A entrega de cada ator e atriz emociona, leva as e os espectadores às lágrimas em diversos momentos. Ao ler, posteriormente, sobre as referências críticas do grupo para a montagem – a exemplo do livro Sociedade do Cansaço, do filósofo Byung-chul Han -, entendi melhor qual é, de fato, a proposta estética-crítica-política do espetáculo.

Mensagens nos detalhes, para além das palavras

Parece-me que o grupo se propõe a questionar: onde fica o coração, o sentimento, diante de uma sociedade consumida pelas telas de celulares – um convite contínuo ao Burnout? Figurino, sonoplastia, cenário e iluminação aqui merecem todos os elogios, uma vez que, no que não cabe no texto, são signos lindamente pensados e executados que ajudam a elucidar a proposta.

Há uma escada em cena, cujo subir e descer é símbolo próprio do movimento da vida e convoca a uma provocação: quem nos tornamos para “subir” na escalada social, neste contexto de vida neoliberal? E há o coração, claro. Literalizado na forma de um “colar” que passa de um performer a outro no decorrer da peça. Imagem forte: entregar o coração.

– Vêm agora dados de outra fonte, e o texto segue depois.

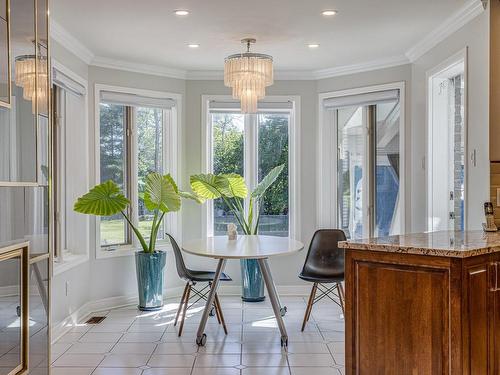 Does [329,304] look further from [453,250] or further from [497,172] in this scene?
[453,250]

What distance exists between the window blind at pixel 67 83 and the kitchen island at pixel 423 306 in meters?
2.75

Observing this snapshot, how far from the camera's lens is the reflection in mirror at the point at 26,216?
2.40 meters

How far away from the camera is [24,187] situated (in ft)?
8.48

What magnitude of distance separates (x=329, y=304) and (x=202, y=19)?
3.08m

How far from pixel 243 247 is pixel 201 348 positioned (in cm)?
86

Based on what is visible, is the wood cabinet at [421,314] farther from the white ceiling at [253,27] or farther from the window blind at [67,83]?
the window blind at [67,83]

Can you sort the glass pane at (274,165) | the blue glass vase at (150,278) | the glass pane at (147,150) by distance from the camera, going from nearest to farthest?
the blue glass vase at (150,278) < the glass pane at (147,150) < the glass pane at (274,165)

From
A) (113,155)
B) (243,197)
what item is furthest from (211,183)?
(113,155)

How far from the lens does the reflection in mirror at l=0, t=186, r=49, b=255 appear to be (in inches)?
94.4

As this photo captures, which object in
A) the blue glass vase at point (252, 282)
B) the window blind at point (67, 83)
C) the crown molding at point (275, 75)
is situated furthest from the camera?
the crown molding at point (275, 75)

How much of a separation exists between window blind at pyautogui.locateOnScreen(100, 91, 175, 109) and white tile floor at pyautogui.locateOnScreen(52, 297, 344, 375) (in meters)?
2.09

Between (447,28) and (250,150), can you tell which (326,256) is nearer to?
(250,150)

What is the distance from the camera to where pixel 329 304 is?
5293 mm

Recorde-me da letra da música de Marisa Monte: “pra todo mundo a vida é difícil, mas todos fazem seus sacrifícios pra melhorar..”. Sim: em uma era contemporânea, parece-me que os Satyros querem provocar a questão: como nossa subjetividade, nosso “sentir” resistirá aos desafios dos tempos atuais? 

Como suportará nosso coração, tão atento e assustado, à robotização e aos esvaziamento do que é a matéria poética da vida, em detrimento do artificial? Precisaremos estar atentas e atentos para despertar, uns nos outros, uma percepção sensorial, sempre que perdida em meio ao correr da vida.

Sem coletividade, não haverá saída. Sem amor-próprio também não.

Conforme tensionou uma das performers do grupo ao fim do espetáculo: “qual é o peso que nossos corpos carregam?”. Particularmente, gosto muito desse teatro que me coloca perto da respiração e do movimento das pessoas em cena e do cenário Real do fazer teatro. Gosto porque é uma arte que aproxima, tangibiliza, convida a ser mais próximos, não apartados.

A própria Arte, em si, revela aqui seu porquê. Na saída, sorri para uma das performers do espetáculo. Seu olhar me cativou. Saí com a sensação de estar alimentada, mais do que isso, nutrida. E, portanto, (por tanto!), grata. A todes, assim, recomendo esse mergulho visceral em mais uma criação dos Satyros.